My recent post Mailbox Monday – January 2, 2011
What a honest post. It's so easy to get caught up in the work aspects of our lives and put the things that make us happy on the back burner. I wish you all the best in 2012. I hope this is the year that everything goes right. 🙂
My recent post Sunday Salon: Happy New Year!
Family and personal life should always come before blogging. Here's to a happy 2012.
2011 has been stressful and I, too, am looking forward to a more peaceful and calm 2012. My stress is personal and not so work related but I like your phrase of not living in the moment. I feel like I was constantly looking to the past or to the future — not where I was. Here's to living in the moment!!
Polly
It's easy to get caught up in the stress of work, especially when you know your family depends on your income. I wish you much luck in de-stressing in 2012.
Thanks, Beth! That is exactly what was happening. The sad part is that it is so insidious that you don't really realize that it is impacting you as much as it is until it has caused so much damage to your loved ones and to you.
Stress is the worst … I know (for me) it pulls so many important things out of focus, and one of those things is the experience of joy that should come in daily living. Wishing you a more balanced and stress-free 2012!
I'm joining you on the exercise and relax more program for certain!
That is exactly what has gotten me into trouble recently. In fact, my (horrible) boss went so far as to go to HR about my suffering performance and all of the "errors" I have been making. (I could insert a very snide comment about the fact that my boss is willing to take credit for all of my good work, which far exceeds my mistakes, while throwing me under the bus on the two or three key mistakes I've made throughout the year…but I won't.) I'm tired of letting work dictate my life. We can definitely break the mold together!!
I am having the same problems at work for the same reason I am never truly present in the moment. My mind is on the next task before I hit enter on my current project;resulting in backtracking and redoing work. It is a mess. Last night I realized perhaps if I get back to doing some of the things I enjoy, cooking, learning about wine or just listening to music I might slow down and enjoy the moment more. I read your tweets this morning about your poor night of sleep and apprehension about going back to work and really feel for you. I agree with the comment you left on my post – lets make a pact to really stick to our guns this year! We can do it.

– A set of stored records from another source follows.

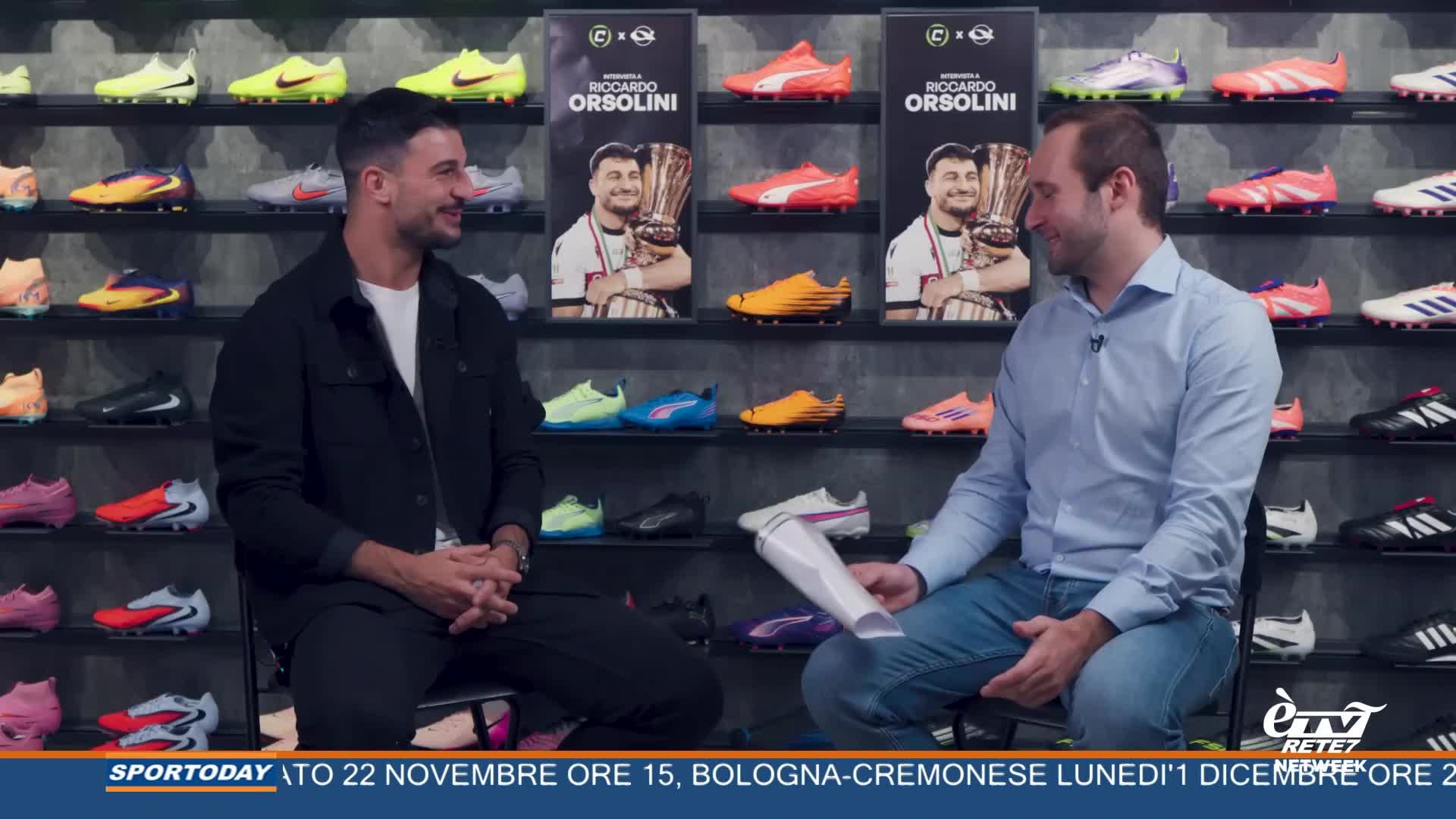 Sportoday 18/11/2025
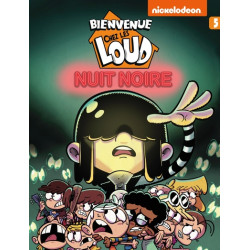 Bienvenue chez Les Loud T5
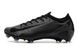 Бутсы Mercurial Vapor 16 black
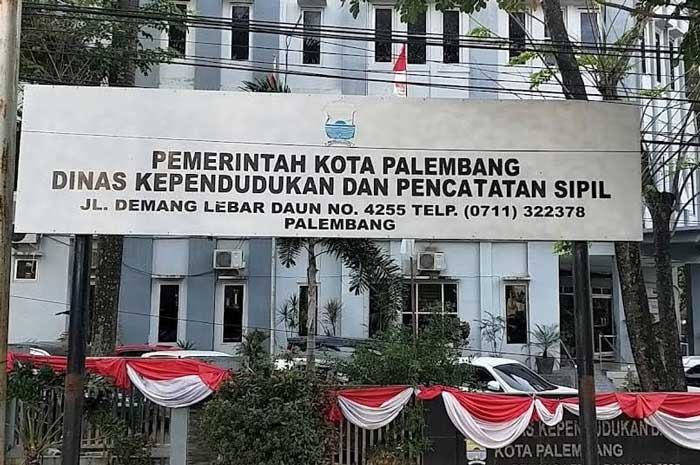 9 UPT Pelayanan Capil Palembang, Warga Makin Dipermudah Urus Adminduk 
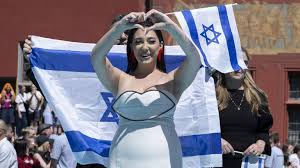 Eurovision Viewers Debate Israel’s Edited Audio After Booing of October 7 Survivor Yuval Raphael in Swiss Grand Final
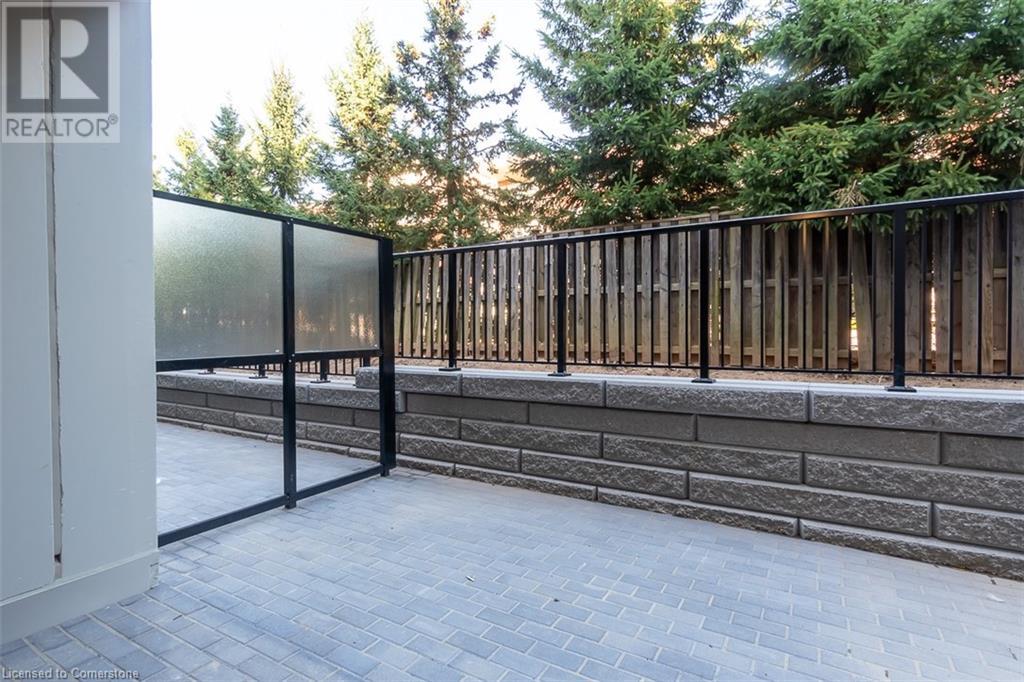 153 Wilson Street W Unit# 104, Ancaster, Ontario L9G 1N4 - Photo 21 - XH4206691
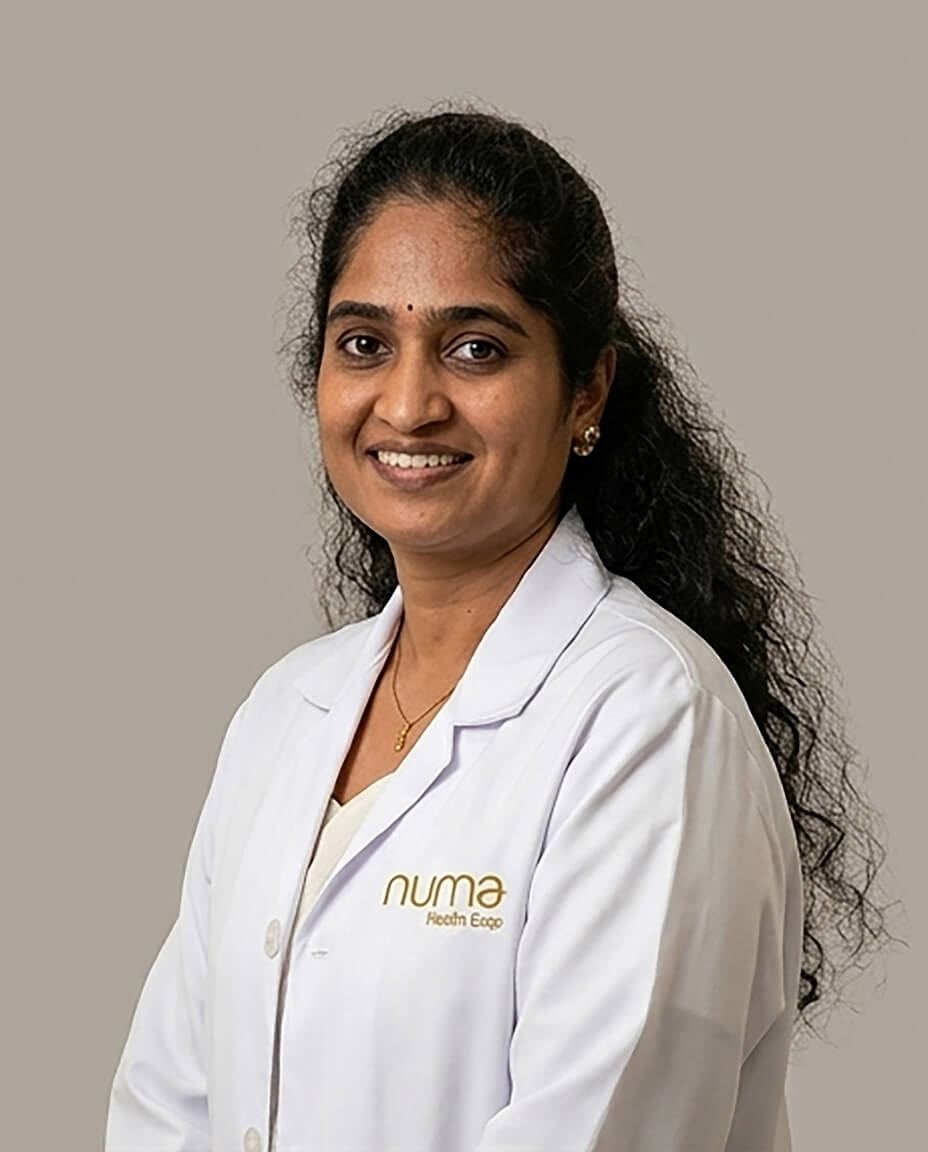 Ms. Adimulam geetha rani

Thanks, Natalie! Tomorrow will be the big test to see how easy it is going to be to make the much-needed changes. I need to do them, but you know how it is. A light at the end of the long, dark tunnel would definitely be a step in the right direction.
I am already eclectic, but I definitely want to be a bit more creative and crazy. I agree with you on only accepting books that fit into what I enjoy. I definitely want to whittle down my TBR pile because they already fit that category.
When work is stressful, everything else will definitely suffer. I experienced the same in early 2010 and it was really tough to get out of it. But, once you realize it, and can make the necessary steps to change things, it becomes a little more hopeful (hopefully!). And you're right, when things become all professional and no fun on the blog, then it really becomes like a second job that is just another source of stress. And we all have too much of that in our lives!
I made a decision to be a bit more eclectic on my blog this year, a little more creative, and only accept books that fit into what I enjoy, and then choose from my own TBR or the library for my books. Makes things a lot easier that way, too.